───── SOURCE MATERIAL ─────

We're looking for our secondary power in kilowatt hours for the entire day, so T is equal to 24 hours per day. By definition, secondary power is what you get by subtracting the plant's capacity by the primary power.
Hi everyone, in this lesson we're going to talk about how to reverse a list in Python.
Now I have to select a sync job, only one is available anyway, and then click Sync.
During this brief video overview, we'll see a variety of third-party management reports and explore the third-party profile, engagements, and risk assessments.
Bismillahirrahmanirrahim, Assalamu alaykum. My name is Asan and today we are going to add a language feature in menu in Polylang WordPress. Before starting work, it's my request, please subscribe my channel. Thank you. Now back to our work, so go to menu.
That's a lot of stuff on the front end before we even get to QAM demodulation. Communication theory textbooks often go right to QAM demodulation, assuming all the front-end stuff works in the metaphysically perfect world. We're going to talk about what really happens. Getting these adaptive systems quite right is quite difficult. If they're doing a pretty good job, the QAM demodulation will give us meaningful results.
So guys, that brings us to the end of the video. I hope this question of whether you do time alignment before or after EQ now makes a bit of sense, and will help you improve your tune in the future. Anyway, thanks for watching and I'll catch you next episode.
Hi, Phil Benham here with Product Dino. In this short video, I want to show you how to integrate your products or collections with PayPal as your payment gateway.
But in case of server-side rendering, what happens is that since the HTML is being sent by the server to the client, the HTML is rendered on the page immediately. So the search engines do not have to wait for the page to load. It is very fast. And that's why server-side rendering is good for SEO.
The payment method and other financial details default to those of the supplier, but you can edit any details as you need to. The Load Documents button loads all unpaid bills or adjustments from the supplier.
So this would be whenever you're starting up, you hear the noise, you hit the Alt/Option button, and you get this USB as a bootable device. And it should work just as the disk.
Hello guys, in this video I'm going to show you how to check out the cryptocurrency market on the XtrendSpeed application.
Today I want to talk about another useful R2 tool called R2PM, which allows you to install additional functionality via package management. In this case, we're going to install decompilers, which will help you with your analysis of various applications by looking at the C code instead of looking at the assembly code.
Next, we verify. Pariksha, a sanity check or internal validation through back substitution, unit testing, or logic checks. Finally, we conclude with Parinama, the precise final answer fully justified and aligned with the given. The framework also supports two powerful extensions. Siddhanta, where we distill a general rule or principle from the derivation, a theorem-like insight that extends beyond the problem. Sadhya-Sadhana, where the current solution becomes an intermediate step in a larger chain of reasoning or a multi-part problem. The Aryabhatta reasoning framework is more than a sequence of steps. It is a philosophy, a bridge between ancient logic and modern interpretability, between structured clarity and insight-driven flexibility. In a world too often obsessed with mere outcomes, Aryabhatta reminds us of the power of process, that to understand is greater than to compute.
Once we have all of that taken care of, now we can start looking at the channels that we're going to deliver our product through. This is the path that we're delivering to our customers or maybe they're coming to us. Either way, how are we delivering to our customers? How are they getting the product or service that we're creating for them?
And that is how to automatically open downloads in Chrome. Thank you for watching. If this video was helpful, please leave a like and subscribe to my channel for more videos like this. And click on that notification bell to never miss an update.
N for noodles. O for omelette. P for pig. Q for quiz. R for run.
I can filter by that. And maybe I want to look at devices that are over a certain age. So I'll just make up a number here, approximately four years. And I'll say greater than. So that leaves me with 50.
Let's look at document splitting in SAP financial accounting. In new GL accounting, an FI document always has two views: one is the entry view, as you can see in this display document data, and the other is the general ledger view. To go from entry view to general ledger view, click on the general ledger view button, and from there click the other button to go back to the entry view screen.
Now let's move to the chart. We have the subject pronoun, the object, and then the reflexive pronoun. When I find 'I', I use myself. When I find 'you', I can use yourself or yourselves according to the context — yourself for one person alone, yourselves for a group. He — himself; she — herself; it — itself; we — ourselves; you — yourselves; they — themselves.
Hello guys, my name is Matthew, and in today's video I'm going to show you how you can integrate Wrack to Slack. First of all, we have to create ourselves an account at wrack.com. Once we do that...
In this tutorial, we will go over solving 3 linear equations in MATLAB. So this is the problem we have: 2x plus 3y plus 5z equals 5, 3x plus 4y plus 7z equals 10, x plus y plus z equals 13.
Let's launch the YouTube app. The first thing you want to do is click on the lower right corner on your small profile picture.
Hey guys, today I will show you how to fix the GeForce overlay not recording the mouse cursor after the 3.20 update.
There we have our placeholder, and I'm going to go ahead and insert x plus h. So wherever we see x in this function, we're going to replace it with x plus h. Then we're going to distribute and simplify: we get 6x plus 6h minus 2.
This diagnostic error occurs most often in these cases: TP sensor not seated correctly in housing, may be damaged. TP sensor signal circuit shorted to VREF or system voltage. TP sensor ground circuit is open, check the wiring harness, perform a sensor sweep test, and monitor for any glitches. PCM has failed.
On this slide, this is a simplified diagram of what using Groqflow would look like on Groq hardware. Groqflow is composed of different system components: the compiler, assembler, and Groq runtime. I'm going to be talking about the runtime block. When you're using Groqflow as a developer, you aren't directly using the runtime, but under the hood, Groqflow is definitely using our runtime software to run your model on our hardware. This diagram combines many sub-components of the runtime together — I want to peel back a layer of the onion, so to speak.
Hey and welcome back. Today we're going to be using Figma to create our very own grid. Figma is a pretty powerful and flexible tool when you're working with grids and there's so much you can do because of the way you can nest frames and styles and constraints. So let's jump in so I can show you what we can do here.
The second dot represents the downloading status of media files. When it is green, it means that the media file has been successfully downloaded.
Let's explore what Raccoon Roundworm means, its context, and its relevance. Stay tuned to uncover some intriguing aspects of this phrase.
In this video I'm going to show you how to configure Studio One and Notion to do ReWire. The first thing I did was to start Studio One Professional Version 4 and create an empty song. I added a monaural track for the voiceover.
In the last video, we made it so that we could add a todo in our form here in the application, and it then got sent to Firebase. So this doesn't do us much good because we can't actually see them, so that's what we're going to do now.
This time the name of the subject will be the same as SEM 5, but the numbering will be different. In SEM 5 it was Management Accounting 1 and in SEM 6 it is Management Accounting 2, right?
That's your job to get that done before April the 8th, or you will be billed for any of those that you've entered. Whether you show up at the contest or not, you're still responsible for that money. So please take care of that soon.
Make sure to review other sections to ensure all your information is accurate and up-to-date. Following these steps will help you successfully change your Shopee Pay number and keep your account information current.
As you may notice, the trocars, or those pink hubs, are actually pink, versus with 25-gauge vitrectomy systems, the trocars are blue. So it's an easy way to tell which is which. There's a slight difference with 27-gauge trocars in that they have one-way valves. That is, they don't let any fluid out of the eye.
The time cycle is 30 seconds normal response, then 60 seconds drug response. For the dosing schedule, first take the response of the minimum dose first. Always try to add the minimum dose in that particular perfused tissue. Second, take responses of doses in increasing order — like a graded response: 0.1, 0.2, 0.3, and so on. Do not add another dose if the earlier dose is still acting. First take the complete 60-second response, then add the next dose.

─────

» **WORK ORDER**
Include the first line of the listing, the line with "During this brief", and every line between them, each repeated exactly, and output only those.

» **RESPONSE AREA**
We're looking for our secondary power in kilowatt hours for the entire day, so T is equal to 24 hours per day. By definition, secondary power is what you get by subtracting the plant's capacity by the primary power.
Hi everyone, in this lesson we're going to talk about how to reverse a list in Python.
Now I have to select a sync job, only one is available anyway, and then click Sync.
During this brief video overview, we'll see a variety of third-party management reports and explore the third-party profile, engagements, and risk assessments.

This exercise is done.